Anchorage had the greatest growth (Gold star for me) followed by MatSu and Fairbanks and the Kenai. Juneau, as I anticipated, remains essentially flat. I might have to double back on the Rural-to-Urban migration idea. There's 214 more rural residents than there were in 2010, which is a minuscule increase. Either there's more immigration than emigration, but elevated death to compensate, or births are higher than deaths, and there's a net emigration. The second scenario seems more likely.

Why didn't this show up in the school enrolment records in Anchorage? Well, it could be that people more likely to move don't have children yet, or maybe they're not all moving to Anchorage. Or, what I think is most likely - there's serious flaws in how we calculate enrolment in schools, where students from the bush are more likely to skip classes (true) and therefore not be reflected in the annual counts. This downward biases the enrolment numbers, and therefore funding, of schools with the students who need the most help.

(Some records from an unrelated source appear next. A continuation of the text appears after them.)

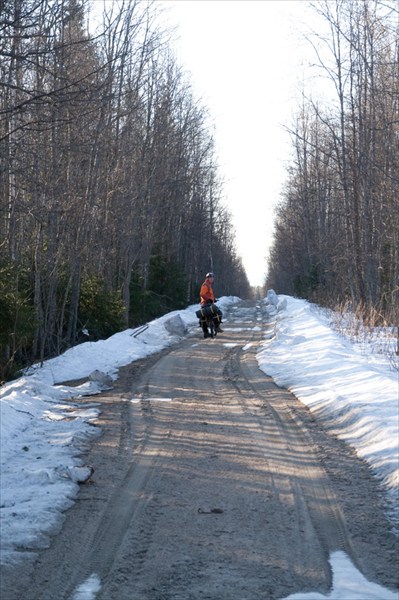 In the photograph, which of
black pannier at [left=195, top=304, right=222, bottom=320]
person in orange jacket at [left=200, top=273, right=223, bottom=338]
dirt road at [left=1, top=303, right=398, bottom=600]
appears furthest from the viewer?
black pannier at [left=195, top=304, right=222, bottom=320]

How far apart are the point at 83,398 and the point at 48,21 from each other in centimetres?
610

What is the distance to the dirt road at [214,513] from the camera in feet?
17.1

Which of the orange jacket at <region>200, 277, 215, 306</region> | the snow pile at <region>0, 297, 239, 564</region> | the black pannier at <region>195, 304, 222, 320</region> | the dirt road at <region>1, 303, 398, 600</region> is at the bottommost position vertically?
the dirt road at <region>1, 303, 398, 600</region>

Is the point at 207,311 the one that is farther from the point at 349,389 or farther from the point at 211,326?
the point at 349,389

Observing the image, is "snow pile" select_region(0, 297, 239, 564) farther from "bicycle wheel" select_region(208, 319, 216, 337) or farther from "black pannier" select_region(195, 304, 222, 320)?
"bicycle wheel" select_region(208, 319, 216, 337)

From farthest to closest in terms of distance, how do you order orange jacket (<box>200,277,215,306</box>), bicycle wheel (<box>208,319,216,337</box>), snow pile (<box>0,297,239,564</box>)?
bicycle wheel (<box>208,319,216,337</box>)
orange jacket (<box>200,277,215,306</box>)
snow pile (<box>0,297,239,564</box>)

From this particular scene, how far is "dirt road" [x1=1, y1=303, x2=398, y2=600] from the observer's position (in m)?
5.20

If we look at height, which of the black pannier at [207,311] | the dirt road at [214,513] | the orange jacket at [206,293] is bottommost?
the dirt road at [214,513]

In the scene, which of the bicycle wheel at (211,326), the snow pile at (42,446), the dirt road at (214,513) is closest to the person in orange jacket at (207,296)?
the bicycle wheel at (211,326)

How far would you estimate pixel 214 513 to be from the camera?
22.0 ft

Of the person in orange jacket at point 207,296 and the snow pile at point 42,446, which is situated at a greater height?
the person in orange jacket at point 207,296

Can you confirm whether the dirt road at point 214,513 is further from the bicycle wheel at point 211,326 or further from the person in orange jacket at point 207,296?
the bicycle wheel at point 211,326

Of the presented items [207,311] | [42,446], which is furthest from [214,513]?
[207,311]

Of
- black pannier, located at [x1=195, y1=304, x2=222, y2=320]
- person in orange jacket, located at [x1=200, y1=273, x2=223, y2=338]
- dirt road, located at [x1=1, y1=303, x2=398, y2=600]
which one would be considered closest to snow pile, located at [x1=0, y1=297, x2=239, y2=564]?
dirt road, located at [x1=1, y1=303, x2=398, y2=600] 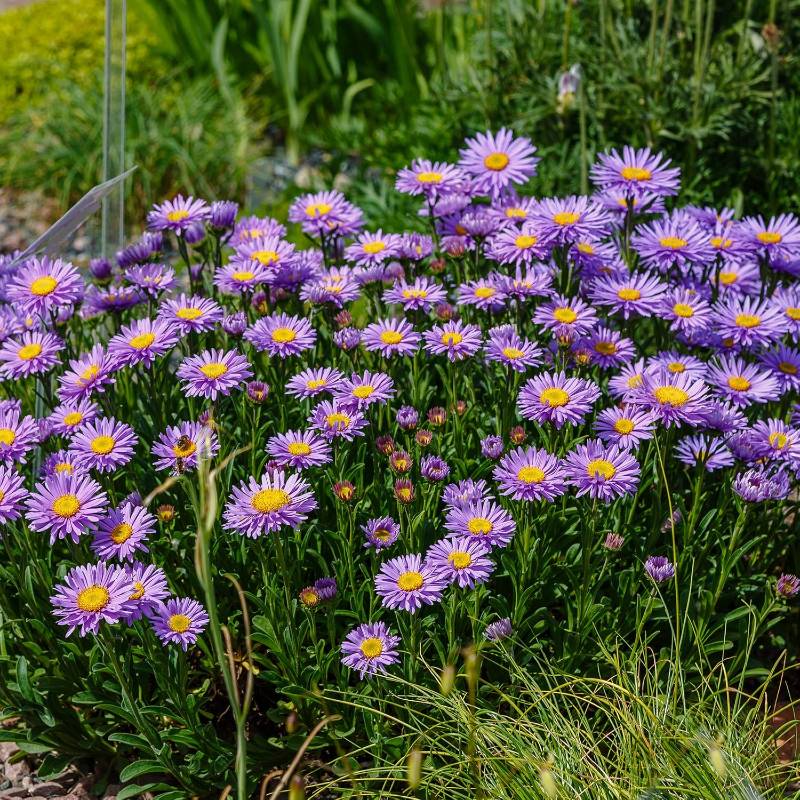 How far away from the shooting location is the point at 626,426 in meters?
2.36

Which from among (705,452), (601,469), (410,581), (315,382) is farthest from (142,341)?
(705,452)

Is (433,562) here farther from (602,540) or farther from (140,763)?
(140,763)

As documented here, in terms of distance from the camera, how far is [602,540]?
2.52 meters

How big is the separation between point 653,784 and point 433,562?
0.59m

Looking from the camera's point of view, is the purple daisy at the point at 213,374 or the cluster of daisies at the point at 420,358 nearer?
the cluster of daisies at the point at 420,358

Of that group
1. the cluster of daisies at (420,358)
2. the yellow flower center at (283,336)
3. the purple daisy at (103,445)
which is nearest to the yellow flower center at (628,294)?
the cluster of daisies at (420,358)

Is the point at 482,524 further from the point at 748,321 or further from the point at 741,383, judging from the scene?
the point at 748,321

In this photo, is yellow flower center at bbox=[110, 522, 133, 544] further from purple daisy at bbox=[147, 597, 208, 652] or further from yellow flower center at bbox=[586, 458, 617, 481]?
yellow flower center at bbox=[586, 458, 617, 481]

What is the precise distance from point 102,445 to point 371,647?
0.73 metres

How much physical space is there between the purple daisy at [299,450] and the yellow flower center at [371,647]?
39cm

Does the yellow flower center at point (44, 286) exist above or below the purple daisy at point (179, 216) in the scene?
above

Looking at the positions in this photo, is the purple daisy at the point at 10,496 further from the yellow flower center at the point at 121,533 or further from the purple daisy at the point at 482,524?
the purple daisy at the point at 482,524

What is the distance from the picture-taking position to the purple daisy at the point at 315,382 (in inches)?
96.3

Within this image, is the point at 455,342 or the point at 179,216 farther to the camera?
the point at 179,216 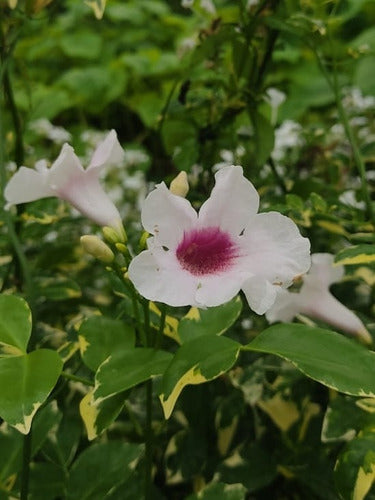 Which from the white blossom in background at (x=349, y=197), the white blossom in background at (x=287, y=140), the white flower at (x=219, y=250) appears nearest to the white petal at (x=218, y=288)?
the white flower at (x=219, y=250)

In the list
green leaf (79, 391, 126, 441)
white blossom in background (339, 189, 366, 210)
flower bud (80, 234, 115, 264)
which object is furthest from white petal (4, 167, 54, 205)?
white blossom in background (339, 189, 366, 210)

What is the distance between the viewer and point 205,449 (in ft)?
3.39

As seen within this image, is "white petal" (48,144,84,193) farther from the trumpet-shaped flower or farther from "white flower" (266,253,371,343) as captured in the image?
"white flower" (266,253,371,343)

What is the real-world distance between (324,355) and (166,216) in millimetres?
186

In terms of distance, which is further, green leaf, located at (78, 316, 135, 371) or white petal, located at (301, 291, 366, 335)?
white petal, located at (301, 291, 366, 335)

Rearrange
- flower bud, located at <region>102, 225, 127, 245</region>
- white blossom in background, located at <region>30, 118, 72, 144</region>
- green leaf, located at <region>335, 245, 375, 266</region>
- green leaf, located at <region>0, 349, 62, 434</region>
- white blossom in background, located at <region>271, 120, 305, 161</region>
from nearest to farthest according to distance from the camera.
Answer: green leaf, located at <region>0, 349, 62, 434</region> < flower bud, located at <region>102, 225, 127, 245</region> < green leaf, located at <region>335, 245, 375, 266</region> < white blossom in background, located at <region>271, 120, 305, 161</region> < white blossom in background, located at <region>30, 118, 72, 144</region>

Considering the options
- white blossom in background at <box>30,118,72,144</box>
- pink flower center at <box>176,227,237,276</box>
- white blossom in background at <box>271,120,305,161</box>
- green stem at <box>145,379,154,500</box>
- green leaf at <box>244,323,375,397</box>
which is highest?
pink flower center at <box>176,227,237,276</box>

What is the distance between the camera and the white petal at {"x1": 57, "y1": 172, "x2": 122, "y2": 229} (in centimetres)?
75

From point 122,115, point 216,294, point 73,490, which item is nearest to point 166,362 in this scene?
point 216,294

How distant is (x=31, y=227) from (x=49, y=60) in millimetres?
2829

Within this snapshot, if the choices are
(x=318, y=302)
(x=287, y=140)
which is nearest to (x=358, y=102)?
(x=287, y=140)

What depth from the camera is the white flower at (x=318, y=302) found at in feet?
2.94

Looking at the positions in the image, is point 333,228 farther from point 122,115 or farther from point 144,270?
point 122,115

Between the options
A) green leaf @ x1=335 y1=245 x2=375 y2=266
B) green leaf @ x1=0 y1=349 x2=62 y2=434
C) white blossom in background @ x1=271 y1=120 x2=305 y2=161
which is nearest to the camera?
green leaf @ x1=0 y1=349 x2=62 y2=434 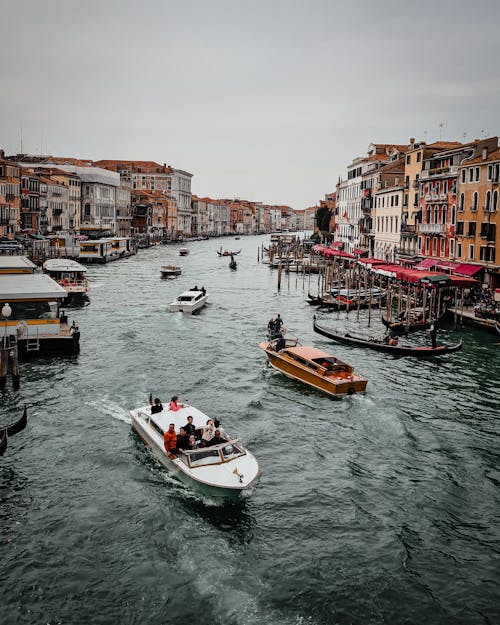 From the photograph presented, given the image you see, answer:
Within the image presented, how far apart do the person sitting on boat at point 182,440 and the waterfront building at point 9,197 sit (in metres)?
54.8

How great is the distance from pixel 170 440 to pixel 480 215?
30143mm

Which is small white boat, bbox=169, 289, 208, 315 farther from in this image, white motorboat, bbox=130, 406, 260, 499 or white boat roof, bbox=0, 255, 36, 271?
white motorboat, bbox=130, 406, 260, 499

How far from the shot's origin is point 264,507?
1376cm

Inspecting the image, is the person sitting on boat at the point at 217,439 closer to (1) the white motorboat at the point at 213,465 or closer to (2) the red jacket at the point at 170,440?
(1) the white motorboat at the point at 213,465

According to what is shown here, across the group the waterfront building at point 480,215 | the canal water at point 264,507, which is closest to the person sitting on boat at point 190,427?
the canal water at point 264,507

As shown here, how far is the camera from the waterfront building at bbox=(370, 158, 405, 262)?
56.5 metres

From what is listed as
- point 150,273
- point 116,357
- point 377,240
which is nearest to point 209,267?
point 150,273

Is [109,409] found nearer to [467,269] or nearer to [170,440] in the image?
[170,440]

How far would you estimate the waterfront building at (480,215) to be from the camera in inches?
1465

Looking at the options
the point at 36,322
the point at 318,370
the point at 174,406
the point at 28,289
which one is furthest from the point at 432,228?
the point at 174,406

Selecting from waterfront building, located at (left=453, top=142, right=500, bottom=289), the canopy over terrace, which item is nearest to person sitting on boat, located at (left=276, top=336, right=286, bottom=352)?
waterfront building, located at (left=453, top=142, right=500, bottom=289)

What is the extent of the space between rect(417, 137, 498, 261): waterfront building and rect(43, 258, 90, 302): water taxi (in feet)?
80.5

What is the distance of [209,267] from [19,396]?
5933cm

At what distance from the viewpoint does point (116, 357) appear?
2664 centimetres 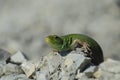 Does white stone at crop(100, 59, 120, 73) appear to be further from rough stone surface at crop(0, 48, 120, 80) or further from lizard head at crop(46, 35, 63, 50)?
lizard head at crop(46, 35, 63, 50)

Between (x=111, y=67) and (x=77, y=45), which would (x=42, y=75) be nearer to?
(x=77, y=45)

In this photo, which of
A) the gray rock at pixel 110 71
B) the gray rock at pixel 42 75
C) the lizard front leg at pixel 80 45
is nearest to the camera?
the gray rock at pixel 110 71


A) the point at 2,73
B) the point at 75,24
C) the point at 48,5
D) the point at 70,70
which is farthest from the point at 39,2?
the point at 70,70

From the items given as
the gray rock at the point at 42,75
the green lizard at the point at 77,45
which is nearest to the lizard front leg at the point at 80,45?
the green lizard at the point at 77,45

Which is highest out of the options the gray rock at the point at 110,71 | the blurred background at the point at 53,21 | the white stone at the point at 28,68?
the blurred background at the point at 53,21

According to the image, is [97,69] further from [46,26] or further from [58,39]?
[46,26]

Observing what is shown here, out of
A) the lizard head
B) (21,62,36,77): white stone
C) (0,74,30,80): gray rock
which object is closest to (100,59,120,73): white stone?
the lizard head

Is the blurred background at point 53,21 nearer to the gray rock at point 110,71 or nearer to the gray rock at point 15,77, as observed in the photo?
the gray rock at point 15,77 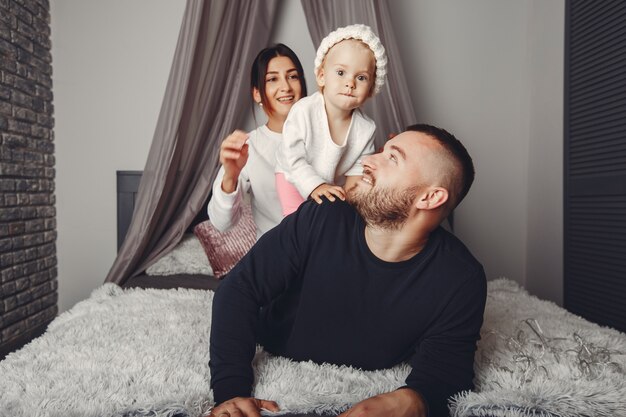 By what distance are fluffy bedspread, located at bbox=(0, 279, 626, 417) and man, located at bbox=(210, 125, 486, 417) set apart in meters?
0.08

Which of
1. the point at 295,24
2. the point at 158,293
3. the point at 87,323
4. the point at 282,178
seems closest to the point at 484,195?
the point at 295,24

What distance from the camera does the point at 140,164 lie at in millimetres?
3121

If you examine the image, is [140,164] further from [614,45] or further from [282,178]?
[614,45]

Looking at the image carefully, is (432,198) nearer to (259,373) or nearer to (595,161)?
(259,373)

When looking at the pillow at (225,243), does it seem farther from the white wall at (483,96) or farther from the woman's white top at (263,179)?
the white wall at (483,96)

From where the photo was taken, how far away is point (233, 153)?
1.47m

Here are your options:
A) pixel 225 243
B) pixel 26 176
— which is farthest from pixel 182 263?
pixel 26 176

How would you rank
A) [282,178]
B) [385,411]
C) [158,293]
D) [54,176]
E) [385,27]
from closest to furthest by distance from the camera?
[385,411] → [282,178] → [158,293] → [385,27] → [54,176]

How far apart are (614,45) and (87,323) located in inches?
102

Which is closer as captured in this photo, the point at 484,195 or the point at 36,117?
the point at 36,117

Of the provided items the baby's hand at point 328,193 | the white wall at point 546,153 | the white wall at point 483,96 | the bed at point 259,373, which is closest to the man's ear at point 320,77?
the baby's hand at point 328,193

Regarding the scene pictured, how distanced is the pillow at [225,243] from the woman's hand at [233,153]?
2.67 ft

But, that's navel gazing and guesswork. The real way to address this is to follow individuals, not counts of individuals. Census summaries we have access to can't show that that +1 person in the Kenai came from Juneau as opposed to Kansas. You need to do a more detailed breakdown than that to find those sorts of trends.

Finally, on the diversity front, diversity increased slightly (69% White to 66% White descent) mostly to an additional 1 percent more people of Asian descent, and a grab-bag of other.

There's a lot of information here, and I've barely played around with it. Hopefully, I'll get more time to dig deep into this well of information in the next little bit.